Below is an annotated list of children's literature for the elementary classroom. The books are organized by the Six Elements of Social Justice Curriculum Design (Picower, 2007). It is based on work by pre-service teachers at Montclair State University. They have read and reviewed these books and provided insights into how they can be used in K-5 settings.

Tuesday, November 11, 2014

Wangari's Trees of Peace

Wangari's Trees of Peace: A True Story from Africa

Author and Illustrator: Jeanette Winter

Grade Level: K-3

Wangari grew up in Kenya under an abundance of green trees and plants that she harvested with her mother each day. Wangari was a very intelligent girl and one day she was granted with a scholarship to take her studies to America. Six years later, when she returned to Kenya, she noticed that all of the trees and crops were cut down in order to make room for buildings. Wangari witnessed women gathering firewood from miles away and hauling it all on their backs to their homes. She is sad to see her village empty and different from the way she once left it. Wangari begins planting nine seedlings in her backyard to bring back some of the trees that were cut down. Once the seedlings begin to grow, she develops her plan to plant more and convince the other women living in her village to do the same. The men who work for the government think the women are unable to plant these trees, and they continue cutting down older ones. Wangari’s movement spreads to other villages and trees begin growing everywhere. Wangari stands tall and tries to protect the old trees from getting cut down, because of this, she is beaten and put in jail. Women carry on her legacy while she remained in jail and are responsible for bringing back the green to Africa.

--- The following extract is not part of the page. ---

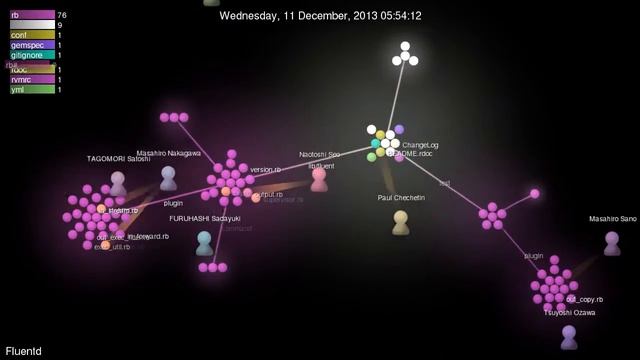 Fluentd - Development over the time смотреть онлайн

Element 4: Social Movements and Social Change
This children’s book clearly depicts element number four because it is based on an iconic woman who was able to start a movement with the help of her fellow village women. She was able to create change and prove that women are capable human beings. Not only was their doubt in Wangari being able to bring back life and green to her home in Kenya, but there was even more doubt because she was a female. “The government men laugh, ‘Women can’t do this,’ they say. ‘It takes trained foresters to plant trees.’” Wangari and the village women she had encouraged proved these men wrong. They were able to come together, work hand in hand and enable a great change that would one day spread to other villages in Africa. This story is a great inspiration to all of the children and adults who read it. It does a great job portraying to the readers that one person can make a difference.

I would incorporate this book into my classroom by starting off the lesson asking my students what change they would like to see in the world, big or small. In their journals I would ask them to write a few sentences about what change they would like to see and why. We would then move onto the reading rug and read aloud “Wangari’s Trees of Peace”. After reading we would have a discussion about social movements and social change. The students would be asked why they think Wangari was able to make such an impact in her village. Students would then go back to their seats and form a plan to put the social change they originally wrote about and would like to see into motion.